Therefore, the final form of the first term is

$({\boldsymbol {S}}\cdot \mathbf {b} )\cdot {\boldsymbol {\nabla }}(\mathbf {v} \cdot \mathbf {a} )=\mathbf {a} \cdot [({\boldsymbol {\nabla }}\mathbf {v} \cdot {\boldsymbol {S}})\cdot \mathbf {b} ]~.$

For the second term, from the identity ${\boldsymbol {\nabla }}\bullet ({\boldsymbol {S}}^{T}\cdot \mathbf {v} )={\boldsymbol {S}}:{\boldsymbol {\nabla }}\mathbf {v} +\mathbf {v} \cdot ({\boldsymbol {\nabla }}\bullet {\boldsymbol {S}})$  we get, ${\boldsymbol {\nabla }}\bullet ({\boldsymbol {S}}\cdot \mathbf {b} )={\boldsymbol {S}}^{T}:{\boldsymbol {\nabla }}\mathbf {b} +\mathbf {b} \cdot ({\boldsymbol {\nabla }}\bullet {\boldsymbol {S}}^{T})$ .
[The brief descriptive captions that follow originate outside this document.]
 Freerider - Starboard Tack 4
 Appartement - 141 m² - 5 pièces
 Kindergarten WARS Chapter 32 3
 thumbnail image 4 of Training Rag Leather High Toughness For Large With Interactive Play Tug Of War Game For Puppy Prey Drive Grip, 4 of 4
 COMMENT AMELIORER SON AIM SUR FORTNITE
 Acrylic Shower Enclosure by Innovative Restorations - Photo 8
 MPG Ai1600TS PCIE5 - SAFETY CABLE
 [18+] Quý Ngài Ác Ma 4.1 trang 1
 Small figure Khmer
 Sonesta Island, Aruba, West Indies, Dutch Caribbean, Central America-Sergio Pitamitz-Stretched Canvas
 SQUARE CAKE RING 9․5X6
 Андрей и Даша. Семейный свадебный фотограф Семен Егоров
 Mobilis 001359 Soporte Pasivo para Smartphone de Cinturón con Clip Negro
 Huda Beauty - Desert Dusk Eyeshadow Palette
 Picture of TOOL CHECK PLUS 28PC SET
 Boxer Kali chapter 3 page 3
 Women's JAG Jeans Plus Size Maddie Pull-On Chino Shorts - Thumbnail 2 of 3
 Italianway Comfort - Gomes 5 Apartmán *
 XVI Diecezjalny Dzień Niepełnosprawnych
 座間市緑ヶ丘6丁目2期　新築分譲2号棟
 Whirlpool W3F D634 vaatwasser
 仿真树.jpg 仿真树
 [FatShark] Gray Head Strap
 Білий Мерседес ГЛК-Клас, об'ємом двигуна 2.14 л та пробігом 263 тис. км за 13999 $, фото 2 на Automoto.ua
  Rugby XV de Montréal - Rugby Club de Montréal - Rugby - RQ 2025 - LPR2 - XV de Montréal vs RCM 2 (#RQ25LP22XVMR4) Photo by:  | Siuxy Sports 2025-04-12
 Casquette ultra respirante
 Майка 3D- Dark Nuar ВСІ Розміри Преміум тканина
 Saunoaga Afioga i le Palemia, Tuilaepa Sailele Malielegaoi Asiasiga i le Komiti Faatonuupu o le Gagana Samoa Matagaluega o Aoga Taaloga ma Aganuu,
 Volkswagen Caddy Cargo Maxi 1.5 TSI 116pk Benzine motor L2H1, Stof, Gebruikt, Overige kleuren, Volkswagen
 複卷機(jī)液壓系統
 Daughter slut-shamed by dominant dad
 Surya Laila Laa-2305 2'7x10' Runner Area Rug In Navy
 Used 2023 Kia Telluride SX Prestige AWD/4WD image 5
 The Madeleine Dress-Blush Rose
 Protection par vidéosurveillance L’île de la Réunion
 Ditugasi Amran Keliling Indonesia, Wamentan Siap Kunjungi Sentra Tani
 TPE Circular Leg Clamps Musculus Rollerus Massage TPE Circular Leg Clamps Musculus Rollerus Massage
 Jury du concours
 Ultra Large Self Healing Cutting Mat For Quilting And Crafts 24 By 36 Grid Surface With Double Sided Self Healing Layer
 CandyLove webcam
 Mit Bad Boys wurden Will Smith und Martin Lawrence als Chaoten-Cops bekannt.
Since $\mathbf {b}$  is constant, ${\boldsymbol {\nabla }}\mathbf {b} =0$ , and we have

$(\mathbf {v} \cdot \mathbf {a} )~{\boldsymbol {\nabla }}\bullet ({\boldsymbol {S}}\cdot \mathbf {b} )=(\mathbf {v} \cdot \mathbf {a} )~[\mathbf {b} \cdot ({\boldsymbol {\nabla }}\bullet {\boldsymbol {S}}^{T})]=\mathbf {a} \cdot [\{\mathbf {b} \cdot ({\boldsymbol {\nabla }}\bullet {\boldsymbol {S}}^{T})\}~\mathbf {v} ]~.$

From the definition $(\mathbf {u} \otimes \mathbf {v} )\cdot \mathbf {a} =(\mathbf {a} \cdot \mathbf {v} )\mathbf {u}$ , we get

$[\mathbf {b} \cdot ({\boldsymbol {\nabla }}\bullet {\boldsymbol {S}}^{T})]~\mathbf {v} =[\mathbf {v} \otimes ({\boldsymbol {\nabla }}\bullet {\boldsymbol {S}}^{T})]\cdot \mathbf {b} ~.$

Therefore, the final form of the second term is

$(\mathbf {v} \cdot \mathbf {a} )~{\boldsymbol {\nabla }}\bullet ({\boldsymbol {S}}\cdot \mathbf {b} )=\mathbf {a} \cdot [\mathbf {v} \otimes ({\boldsymbol {\nabla }}\bullet {\boldsymbol {S}}^{T})]\cdot \mathbf {b} ~.$

Adding the two terms, we get

${\boldsymbol {\nabla }}\bullet [(\mathbf {v} \cdot \mathbf {a} )({\boldsymbol {S}}\cdot \mathbf {b} )]=\mathbf {a} \cdot [({\boldsymbol {\nabla }}\mathbf {v} \cdot {\boldsymbol {S}})\cdot \mathbf {b} ]+\mathbf {a} \cdot [\mathbf {v} \otimes ({\boldsymbol {\nabla }}\bullet {\boldsymbol {S}}^{T})]\cdot \mathbf {b} ~.$

Therefore,

${{\boldsymbol {\nabla }}\bullet [(\mathbf {v} \cdot \mathbf {a} )({\boldsymbol {S}}\cdot \mathbf {b} )]=\mathbf {a} \cdot [\{{\boldsymbol {\nabla }}\mathbf {v} \cdot {\boldsymbol {S}}+\mathbf {v} \otimes ({\boldsymbol {\nabla }}\bullet {\boldsymbol {S}}^{T})\}\cdot \mathbf {b} ]}\qquad \qquad \qquad \square$